In general, I am a sceptic, as I have unmasked and seen the unmasking of too many charlatans to remain trusting. However, just like my experience at the Chalice Well in Glastonbury, there is something undeniable about the power present when Wendy sings.

From a scientific point of view, I am fascinated by the question of whether the words are largely irrelevant and the quality of tone, rhythm and power (RMS not the mystical kind) is what generates the experience. In much of Lisa Gerrard’s singing with Dead Can Dance, there are no discernible words, yet the emotion seems to be clearly conveyed.

From the point of view of someone who does meditation in the Buddhist school, I know that intent is also a significant part of any action in the magical world. Both in the magical imaginings of David Eddings and Christopher Paolini the combination of Will and Word is critical, as it is in the more practical world of Aleister Crowley.

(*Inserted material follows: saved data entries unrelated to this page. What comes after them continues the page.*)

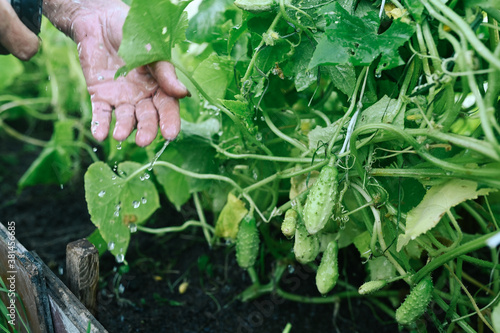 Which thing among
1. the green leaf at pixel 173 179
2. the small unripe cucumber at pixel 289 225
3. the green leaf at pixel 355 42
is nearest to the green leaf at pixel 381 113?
the green leaf at pixel 355 42

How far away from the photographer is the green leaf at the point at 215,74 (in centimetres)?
114

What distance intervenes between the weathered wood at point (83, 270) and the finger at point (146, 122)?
269 millimetres

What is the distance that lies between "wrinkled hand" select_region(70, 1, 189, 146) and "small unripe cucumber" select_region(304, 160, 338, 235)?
0.38 metres

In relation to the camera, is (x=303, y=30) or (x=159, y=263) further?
(x=159, y=263)

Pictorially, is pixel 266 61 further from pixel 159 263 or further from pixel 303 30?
pixel 159 263

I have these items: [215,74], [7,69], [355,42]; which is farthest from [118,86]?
[7,69]

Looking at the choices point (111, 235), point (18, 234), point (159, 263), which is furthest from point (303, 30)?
point (18, 234)

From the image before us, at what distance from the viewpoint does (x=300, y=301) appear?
1433 millimetres

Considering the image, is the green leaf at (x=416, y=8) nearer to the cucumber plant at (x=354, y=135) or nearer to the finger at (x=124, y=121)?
the cucumber plant at (x=354, y=135)

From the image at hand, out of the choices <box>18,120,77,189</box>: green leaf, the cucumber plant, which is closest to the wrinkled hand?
the cucumber plant

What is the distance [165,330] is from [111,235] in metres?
0.32

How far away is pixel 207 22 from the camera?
116 cm

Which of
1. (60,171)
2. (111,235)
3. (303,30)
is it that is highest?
(303,30)

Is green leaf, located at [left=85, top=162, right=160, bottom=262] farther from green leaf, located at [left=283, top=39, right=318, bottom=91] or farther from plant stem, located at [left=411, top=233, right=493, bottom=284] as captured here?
plant stem, located at [left=411, top=233, right=493, bottom=284] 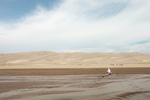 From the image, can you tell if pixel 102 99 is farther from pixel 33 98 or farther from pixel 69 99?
pixel 33 98

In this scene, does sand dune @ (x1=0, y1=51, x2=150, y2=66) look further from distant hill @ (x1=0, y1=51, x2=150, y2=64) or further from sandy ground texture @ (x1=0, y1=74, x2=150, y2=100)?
sandy ground texture @ (x1=0, y1=74, x2=150, y2=100)

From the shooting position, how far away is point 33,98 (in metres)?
9.02

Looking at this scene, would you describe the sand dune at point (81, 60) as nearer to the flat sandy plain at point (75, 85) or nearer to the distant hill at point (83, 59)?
the distant hill at point (83, 59)

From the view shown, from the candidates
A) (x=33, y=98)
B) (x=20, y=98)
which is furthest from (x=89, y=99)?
(x=20, y=98)

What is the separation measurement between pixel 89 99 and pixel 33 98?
2.94 m

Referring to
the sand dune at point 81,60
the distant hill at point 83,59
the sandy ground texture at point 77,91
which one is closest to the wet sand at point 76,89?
the sandy ground texture at point 77,91

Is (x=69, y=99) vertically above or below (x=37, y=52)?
below

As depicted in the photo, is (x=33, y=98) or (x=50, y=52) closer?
(x=33, y=98)

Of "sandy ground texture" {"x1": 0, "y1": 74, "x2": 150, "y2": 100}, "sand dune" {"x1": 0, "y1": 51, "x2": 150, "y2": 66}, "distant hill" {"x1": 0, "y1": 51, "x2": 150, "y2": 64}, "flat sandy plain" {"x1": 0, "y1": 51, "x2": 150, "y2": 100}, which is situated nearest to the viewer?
"sandy ground texture" {"x1": 0, "y1": 74, "x2": 150, "y2": 100}

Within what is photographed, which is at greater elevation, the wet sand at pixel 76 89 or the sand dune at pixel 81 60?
the sand dune at pixel 81 60

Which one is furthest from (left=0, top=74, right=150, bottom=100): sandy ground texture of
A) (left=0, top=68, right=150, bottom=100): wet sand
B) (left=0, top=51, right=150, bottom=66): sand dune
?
(left=0, top=51, right=150, bottom=66): sand dune

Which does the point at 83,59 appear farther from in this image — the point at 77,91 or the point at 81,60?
the point at 77,91

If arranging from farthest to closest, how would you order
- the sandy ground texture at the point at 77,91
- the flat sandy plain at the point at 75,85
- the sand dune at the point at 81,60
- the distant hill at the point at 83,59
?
1. the distant hill at the point at 83,59
2. the sand dune at the point at 81,60
3. the flat sandy plain at the point at 75,85
4. the sandy ground texture at the point at 77,91

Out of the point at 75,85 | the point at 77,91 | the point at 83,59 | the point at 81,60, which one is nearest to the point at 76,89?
the point at 77,91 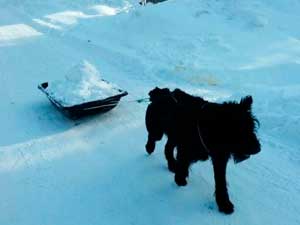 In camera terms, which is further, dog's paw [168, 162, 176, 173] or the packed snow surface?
the packed snow surface

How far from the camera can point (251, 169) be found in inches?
174

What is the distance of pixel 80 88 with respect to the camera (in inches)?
219

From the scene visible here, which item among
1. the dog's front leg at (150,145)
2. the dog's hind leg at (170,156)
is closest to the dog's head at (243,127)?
the dog's hind leg at (170,156)

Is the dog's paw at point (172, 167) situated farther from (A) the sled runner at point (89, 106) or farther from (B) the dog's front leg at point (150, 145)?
(A) the sled runner at point (89, 106)

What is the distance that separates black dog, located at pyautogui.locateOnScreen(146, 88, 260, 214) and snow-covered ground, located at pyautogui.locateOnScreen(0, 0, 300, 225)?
0.45 metres

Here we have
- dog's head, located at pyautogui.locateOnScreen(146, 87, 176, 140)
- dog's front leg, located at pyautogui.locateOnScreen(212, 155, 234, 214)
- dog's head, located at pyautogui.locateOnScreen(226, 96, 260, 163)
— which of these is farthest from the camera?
dog's head, located at pyautogui.locateOnScreen(146, 87, 176, 140)

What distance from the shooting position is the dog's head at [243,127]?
316 cm

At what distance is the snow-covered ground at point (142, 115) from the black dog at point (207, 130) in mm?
449

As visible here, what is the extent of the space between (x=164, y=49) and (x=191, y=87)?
88.7 inches

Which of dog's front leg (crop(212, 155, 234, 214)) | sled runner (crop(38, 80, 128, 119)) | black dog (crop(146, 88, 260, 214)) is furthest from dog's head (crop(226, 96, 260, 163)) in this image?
sled runner (crop(38, 80, 128, 119))

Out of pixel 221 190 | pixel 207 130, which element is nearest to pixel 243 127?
pixel 207 130

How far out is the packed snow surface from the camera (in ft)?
17.7

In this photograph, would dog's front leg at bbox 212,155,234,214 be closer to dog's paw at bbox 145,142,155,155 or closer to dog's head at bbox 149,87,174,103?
dog's head at bbox 149,87,174,103

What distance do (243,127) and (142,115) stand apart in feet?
9.18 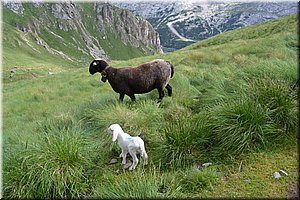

I had the great fortune to see Wendy again in Adelaide in 2013, along with Spiral Dance and Kellianna at the Singing Gallery (a very special venue that I also saw Damh the Bard at). Please don’t misunderstand, Kellianna and Spiral Dance are a pleasure to listen to, they have beautiful voices and are musically accomplished, but they don’t do what Wendy can in terms of the conjuring of experience.

In all the heights of human endeavor in music, the Nessun dorma from Puccini’s Turandot, Allegri’s Misere, Yo-Yo Ma playing Bach, it feels like we are touching on the surface of an ocean of potential. Potential that Wendy Rule with the same black Yamaha guitar has been conjuring for 20 years now.

Unfortunately the ‘witch’ label has meant that many people probably won’t get to experience the divine pleasure of sitting in a quiet room and listening to Wendy sing. At the concert Wendy played in Canberra last night I had to chuckle at the ‘what are YOU doing here’ response I got from one of the local neo-pagan community in attendance. Me in my Hawaiian shirt with five kids, what business did I have being at a witchy concert? I smiled and said that “yes”, I was here to listen to Wendy Rule.

If you ever get the chance to see Wendy play live, don’t miss it, even if you aren’t a neo-pagan. And if you can’t make the concert, Black Snake is Wendy’s latest, dark but cathartic and re-awakening, album. The subject matter is human existence, and her talented mastery of the voice is incredible to experience.wendy

 

 

 

 

 

 

Note: My research takes me to some funny places, here is a Sydney Morning Herald article, not even sure if it is tongue-in-cheek, about pagan opposition to Kosher/Halal treatment of meat. Wendy is cited as a random Australian witch, probably because the stock photo was ‘witchy’.